One day, while shopping at my local grocery store, I happened upon a pizza stone that had been out of stock in the warehouse for months. I had been eyeing this stone for a long time even before this blew into a complete obsession. It was an inexpensive one costing just shy of $9 (I KNOW, I KNOW). So, I decided to park my butt down and do a little on-the-spot research. I found that the same exact stone/brand/company was selling these on Amazon and other online retailers for $25 and up. The only problem was that there were no reviews. So I, being the moron that you all should know by now, decided to take yet another gamble. I figured, hey it’s nine bucks. If it sucks, whatever… that’s the price of a decent fast food meal anyway.
So I bought the damn thing, but here’s where I decided to do something a little different. I still had the broken stone in my oven. The broken one is cracked about 2-3 inches on one side, so it’s not completely broken into pieces. I found that the new stone fits perfectly on top of the other one. I decided to take YET ANOTHER gamble! I figured if the old stone isn’t completely broken, and the new one fits on top, they might be able to retain and conduct heat as an unstoppable team… OR they’ll both just crack and die.
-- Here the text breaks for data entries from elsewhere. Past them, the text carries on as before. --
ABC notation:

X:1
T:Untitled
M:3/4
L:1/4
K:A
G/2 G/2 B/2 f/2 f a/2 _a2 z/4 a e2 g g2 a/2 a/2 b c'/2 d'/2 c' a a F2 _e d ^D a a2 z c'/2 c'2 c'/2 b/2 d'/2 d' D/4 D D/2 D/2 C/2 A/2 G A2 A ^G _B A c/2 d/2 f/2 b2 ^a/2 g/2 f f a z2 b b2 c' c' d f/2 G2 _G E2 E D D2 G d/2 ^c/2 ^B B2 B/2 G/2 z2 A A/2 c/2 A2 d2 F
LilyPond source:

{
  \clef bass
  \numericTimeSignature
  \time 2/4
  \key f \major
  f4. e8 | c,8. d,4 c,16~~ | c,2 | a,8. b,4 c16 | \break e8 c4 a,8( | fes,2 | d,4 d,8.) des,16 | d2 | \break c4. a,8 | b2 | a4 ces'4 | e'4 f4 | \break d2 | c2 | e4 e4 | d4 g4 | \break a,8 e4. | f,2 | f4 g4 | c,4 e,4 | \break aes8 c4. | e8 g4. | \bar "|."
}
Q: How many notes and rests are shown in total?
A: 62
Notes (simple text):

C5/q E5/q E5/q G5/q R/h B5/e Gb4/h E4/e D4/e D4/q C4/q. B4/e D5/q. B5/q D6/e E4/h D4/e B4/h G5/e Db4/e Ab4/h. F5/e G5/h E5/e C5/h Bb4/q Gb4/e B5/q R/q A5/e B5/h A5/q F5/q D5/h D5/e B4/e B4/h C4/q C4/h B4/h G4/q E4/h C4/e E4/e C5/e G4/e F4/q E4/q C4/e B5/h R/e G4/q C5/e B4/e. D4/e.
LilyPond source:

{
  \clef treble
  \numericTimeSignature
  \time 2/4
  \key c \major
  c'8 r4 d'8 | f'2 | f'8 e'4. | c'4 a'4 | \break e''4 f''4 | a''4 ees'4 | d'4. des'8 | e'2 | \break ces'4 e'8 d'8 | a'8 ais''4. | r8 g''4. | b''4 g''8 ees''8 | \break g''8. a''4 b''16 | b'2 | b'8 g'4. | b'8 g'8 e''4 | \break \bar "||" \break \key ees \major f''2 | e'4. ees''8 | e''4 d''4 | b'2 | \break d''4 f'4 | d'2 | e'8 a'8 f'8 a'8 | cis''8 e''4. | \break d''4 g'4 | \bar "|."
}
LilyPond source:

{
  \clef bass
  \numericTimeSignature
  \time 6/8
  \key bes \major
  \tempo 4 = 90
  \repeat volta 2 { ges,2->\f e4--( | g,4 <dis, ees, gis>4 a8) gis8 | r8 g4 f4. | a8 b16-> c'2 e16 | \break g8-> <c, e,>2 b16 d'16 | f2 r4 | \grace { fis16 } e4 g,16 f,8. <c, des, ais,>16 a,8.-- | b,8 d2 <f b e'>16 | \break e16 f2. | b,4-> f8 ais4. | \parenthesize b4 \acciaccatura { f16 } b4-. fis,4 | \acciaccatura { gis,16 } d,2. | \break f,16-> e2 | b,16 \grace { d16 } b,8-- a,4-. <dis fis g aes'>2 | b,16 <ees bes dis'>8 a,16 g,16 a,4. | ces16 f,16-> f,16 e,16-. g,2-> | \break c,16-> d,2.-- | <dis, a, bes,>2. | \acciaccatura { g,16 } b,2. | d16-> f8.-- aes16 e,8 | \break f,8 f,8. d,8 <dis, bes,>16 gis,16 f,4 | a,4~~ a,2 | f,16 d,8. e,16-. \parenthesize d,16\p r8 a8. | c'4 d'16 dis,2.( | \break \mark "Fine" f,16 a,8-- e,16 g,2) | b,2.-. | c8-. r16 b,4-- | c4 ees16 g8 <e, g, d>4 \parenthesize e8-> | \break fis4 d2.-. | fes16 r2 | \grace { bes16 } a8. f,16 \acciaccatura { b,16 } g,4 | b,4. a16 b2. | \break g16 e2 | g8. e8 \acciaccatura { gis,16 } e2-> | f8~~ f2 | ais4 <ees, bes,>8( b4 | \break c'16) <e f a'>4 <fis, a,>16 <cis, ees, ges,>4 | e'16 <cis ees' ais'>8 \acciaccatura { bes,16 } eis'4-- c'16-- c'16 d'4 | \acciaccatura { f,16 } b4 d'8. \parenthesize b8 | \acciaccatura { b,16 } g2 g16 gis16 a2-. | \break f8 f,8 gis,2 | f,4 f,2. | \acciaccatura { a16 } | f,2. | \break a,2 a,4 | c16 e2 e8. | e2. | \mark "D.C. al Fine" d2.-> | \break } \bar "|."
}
Here’s what ELSE I did… I’ve been reading that many pizza stone users place two stones in the oven, one on a lower shelf, and one on a high shelf. This is supposedly to assist in keeping the heat centralized, so that the pizza gets evenly cooked on the bottom and on the top. So, I went to the hardware store and bought a cheap 12×12 natural stone tile for about $2, and put that badboy on the shelf right below the top heating element.
The combination of the stacked stones and the top stone has produced some of my best pizzas EVER, all within the span of about 6 minutes. I’ve found preheating the stones at 500 degrees Fahrenheit for about 90 mins, then putting the pizza on the lower shelf for 5 minutes, THEN cranking on the broiler and moving the pizza to the top stone for 1 minute produces a perfect at-home pizza. Traditional wood-fired brick ovens are so hot that they can cook a pizza anywhere from 1-2 minutes. Conventional home ovens need just a lil’ mo’ TIIIIIME, but can produce a pretty damn good pizza if the environment is right. Granted, all that stone takes quite a bit of time to get to temperature, but it’s totally worth it, especially for morons with ridiculous pizza goals like me.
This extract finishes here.